Ensayo

Los viudos de la monarquía y la tercera España

18 diciembre, 2020 00:30

Fue el 23 de junio de 1933, en una intervención parlamentaria sobre los problemas de Galicia, cuando Castelao pronunció uno de los calificativos más celebrados sobre el origen de algunos de los diputados republicanos presentes en el Congreso. En su defensa del Estatuto de Galicia señaló a “los enemigos de la autonomía, que son el residuo de la monarquía, que son los viudos de la monarquía, casados en segundas nupcias con la República, que son los tenorios de la política que andan a ver si deshonran a la República como antes deshonraron a la monarquía”.
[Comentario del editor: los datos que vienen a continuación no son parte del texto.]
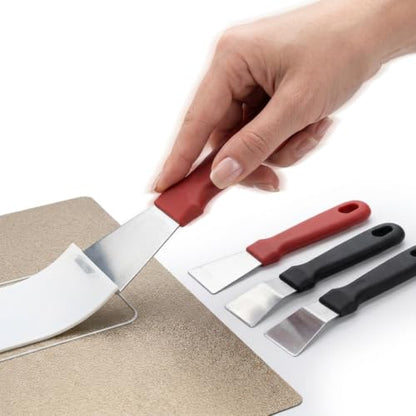 4 Pack Scraper Tool - Stainless Steel Metal Scraper with Comfortable Handle for Easy Separation of Prints (Black x 2 + Red x 2)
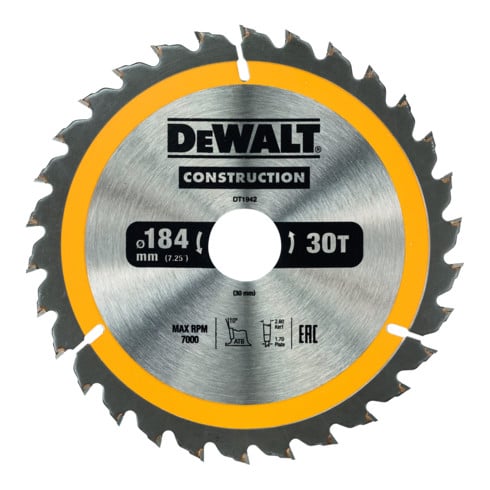 DEWALT cirkelzaagblad handcirkelzaag 184/30 mm 30WZ DT1942-QZ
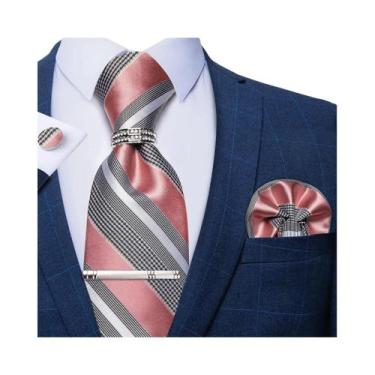 Imagem de Conjunto De Gravata Masculina Azul Royal Com Estampa Xadrez, Clipe Pra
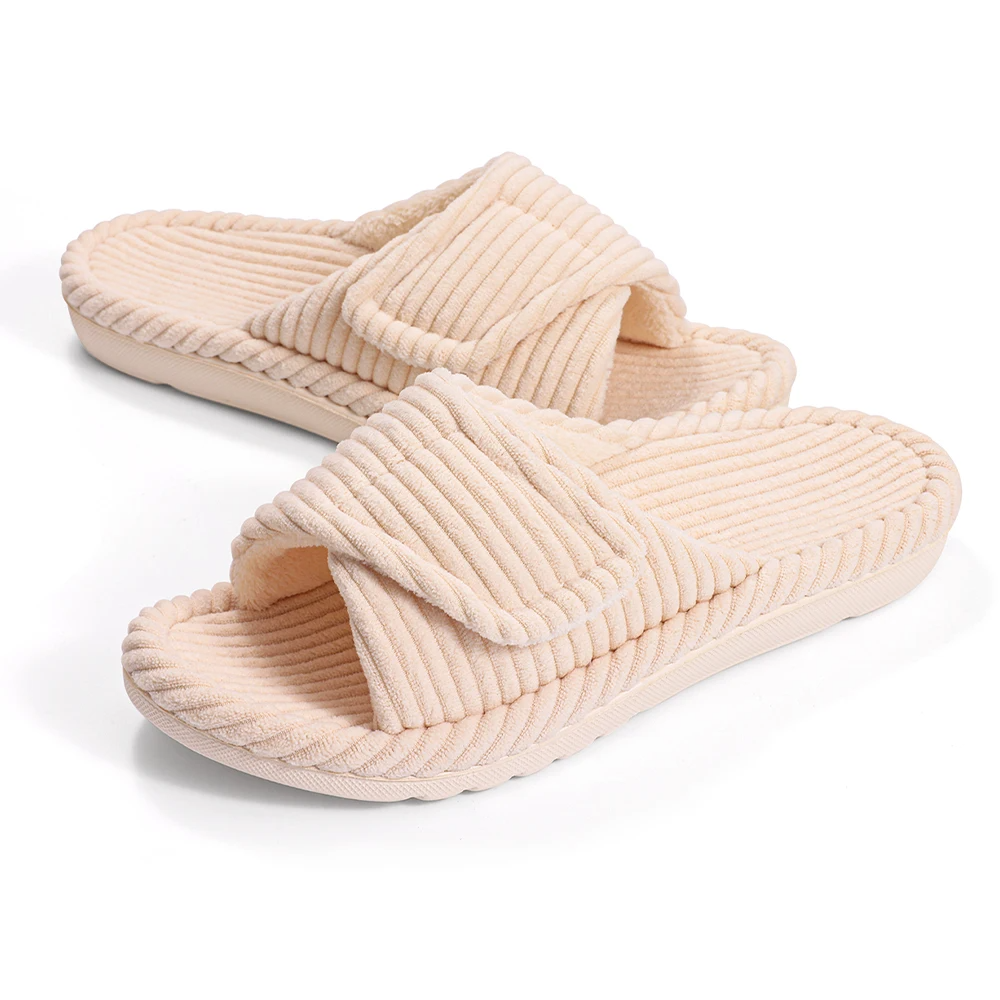 Bliss corduroy slide slippers with adjustable Velcro strap, memory foam cushioning, non-slip sole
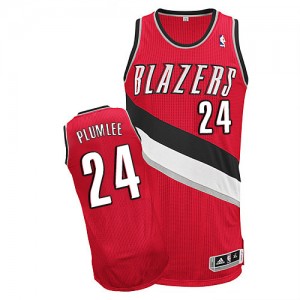 Portland Trail Blazers #24 Adidas Alternate Rouge Authentic Maillot d'équipe de NBA préférentiel - Mason Plumlee pour Homme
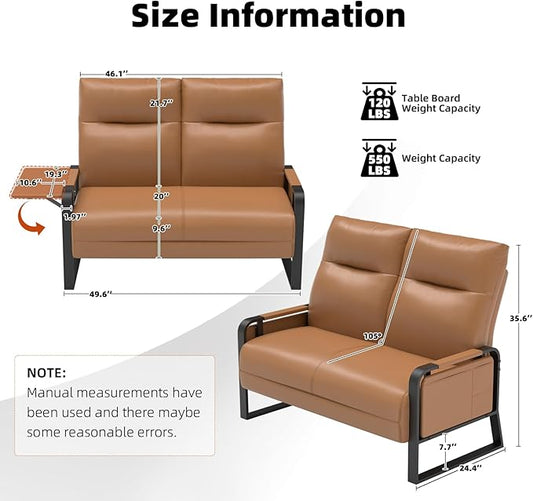 Faux Leather Loveseat, Upholstered Loveseat with Side Tray Table & Storage Pocket, Small Loveseat for Living Room, Modern 2 Seater Sofa Couch for Small Spaces, Bedroom, Brown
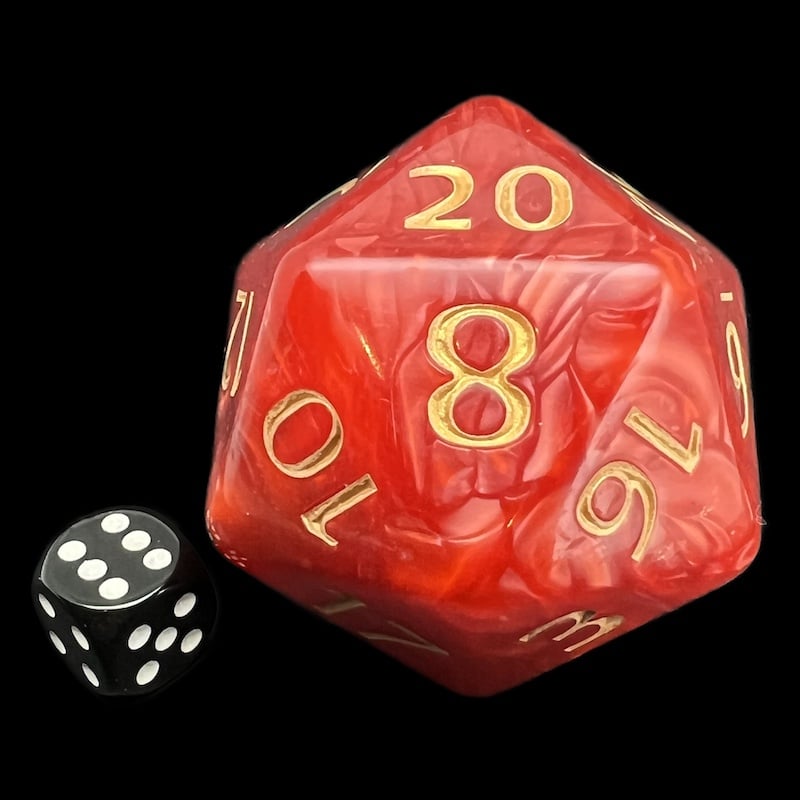 TDSO Pearl Red & Gold MASSIVE 55mm TITAN D20 Dice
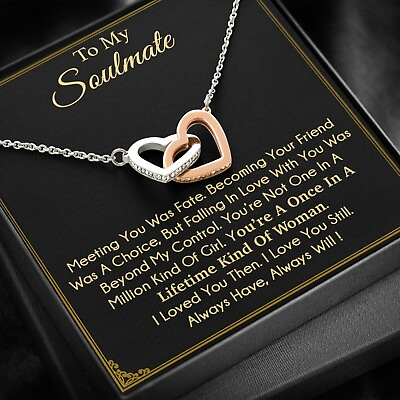 #ad To My Soulmate Necklace Engagement Anniversary Gift for Her Birthday Christmas $28.99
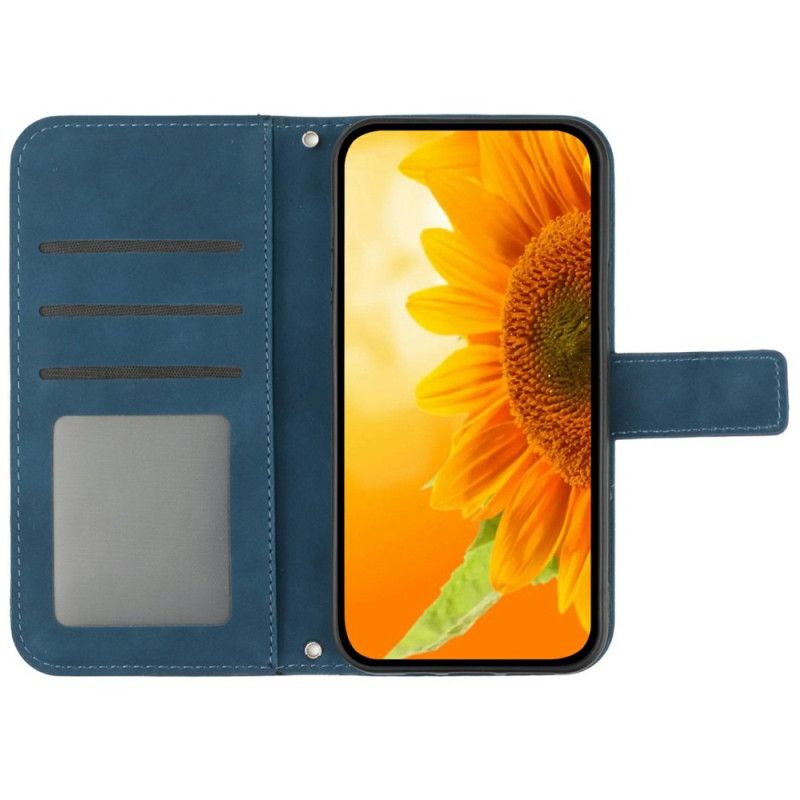 Flip Cover Til Realme C75 Skuldertaske Med Sommerfugleprint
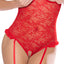 Exposed Ooh La Lace Red Cupless Crotchless Gartered Teddy is made from red floral lace & reveals your intimate assets w/ a cupless, crotchless design for quick access. (4)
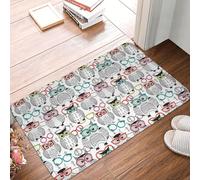 Novastar Zerbino per porta d'ingresso, per interni ed esterni, gufo con occhiali, tappeto da cucina per pavimento, lavabile e sottile, adatto sotto la porta, tappeto da bagno per bagno, 40,6 x 61 cm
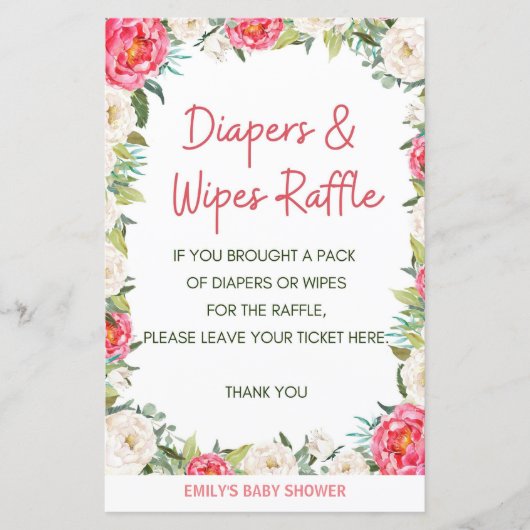 Baby Shower Game Pink und Ivory Florals (Vorderseite)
Según el político galleguista, viudos eran Alcalá-Zamora, Portela Valladares o Miguel Maura, entre otros. El calificativo fue un éxito, pero el vaticinio fue errado. Esos políticos que habían sido monárquicos, pero desencantados con la deriva militarista de Alfonso XIII, creyeron en un proyecto republicano liberal. El triunfo del Frente Popular en febrero 1936, en parte propiciado por la indecisión de algunos de ellos, y el posterior golpe de estado los llevó a la encrucijada de tener que decidir entre república miliciana o dictadura militar, y optaron por la democracia, es decir, por el exilio.

Castelao se equivocó. Los viudos de la monarquía parlamentaria fueron también los viudos de la república liberal y democrática. Pilar Mera-Costas, en un excelente estudio sobre Portela Valladares, ha recordado que esos viudos, a los que acusaron de ser tolerantes con el clientelismo y el fraude electoral (de las derechas y de las izquierdas), fueron en la práctica firmes defensores de la democracia y de la política como negociación y acuerdo, de la ley y el orden, de la primacía del poder civil, de las libertades y de los derechos políticos. Nunca entendieron que la República era “su república”, como sí hicieron los republicanos nacionalistas o la mayoría de los de izquierdas. La exclusión del adversario no tenía sitio ni en su pensamiento ni en sus prácticas políticas, antes se anteponía la integración y la cultura del pacto.

Paul Preston ha incluido algunos de estos viudos en el espacio intermedio y fluctuante denominado la Tercera España. Así, junto a intelectuales que optaron por “abstenerse de la guerra” como Ramón Pérez de Ayala, Ortega y Gasset, Salvador Madariaga o Gregorio Marañón, el historiador británico añade a políticos que no intervinieron en el conflicto como Lerroux, y a exiliados liberales o a conservadores que, finalmente y en algunos casos, optaron por uno de los dos bandos.

Pero, ni los viudos ni la Tercera España se ha de reducir a lo sucedido en esos años cruciales del siglo XX. Ricardo García Cárcel ya apuntó en La herencia del pasado (2011) que, antes o después de 1936, hubo políticos outsiders, indecisos o desengañados ante las dos Españas que les tocó vivir: Jovellanos, Blanco White, Larra… La nómina es amplísima y alcanza hasta franquistas desencantados como Ruiz Giménez o Dionisio Ridruejo, entre tantos otros, o a políticos de centro en la Transición, como Suárez y su efímero CDS. Está en lo cierto García Cárcel cuando afirma que la historia de España parece un carrusel de decepciones: “Cambia la cuantía del desengaño, no el sustrato de la frustración que se mantiene constante”.

Ahora otra Tercera España vuelve a tomar forma con los decepcionados con el rey emérito y sus oscuros manejos financieros. Por mucho que algunos monárquicos se esfuercen por distinguir entre un Juan Carlos I político y otro comisionista particular, y entre este último y la institución que ahora encabeza su hijo, lo cierto es que cada día hay más viudos o viudas, juancarlistas accidentales. A muchos de ellos no les importaría apoyar una Tercera República, democrática y liberal, junto a conservadores y a progresistas dialogantes, en la línea de los países de nuestro entorno (Francia, Alemania, Italia o Portugal). Pero el desencanto de esos viudos no se torna de inmediato en ilusión por el cambio y reformas pactadas, sino en decepción ante el republicanismo autoritario que destila la izquierda populista y los ultranacionalismos periféricos, y en estos momentos con la errática y lamentable complicidad de los dirigentes del PSOE.

El espacio republicano podría ser un punto de encuentro para los grupos políticos que anteponen los derechos de la ciudadanía a los derechos históricos, sean territoriales o monárquicos. Pero sucede, como ocurrió con aquellos viudos en 1936, que muchos republicanos --federalistas incluidos-- no se cuestionan ni la soberanía nacional ni la igualdad de todos los ciudadanos. La Tercera España, cada vez más republicana, está muy lejos de los sueños totalitarios de los nacionalistas y del cesarismo antidemocrático de los dos grandes partidos. La Tercera España vuelve a estar sola, harta y desengañada, y cada día más cerca del centro.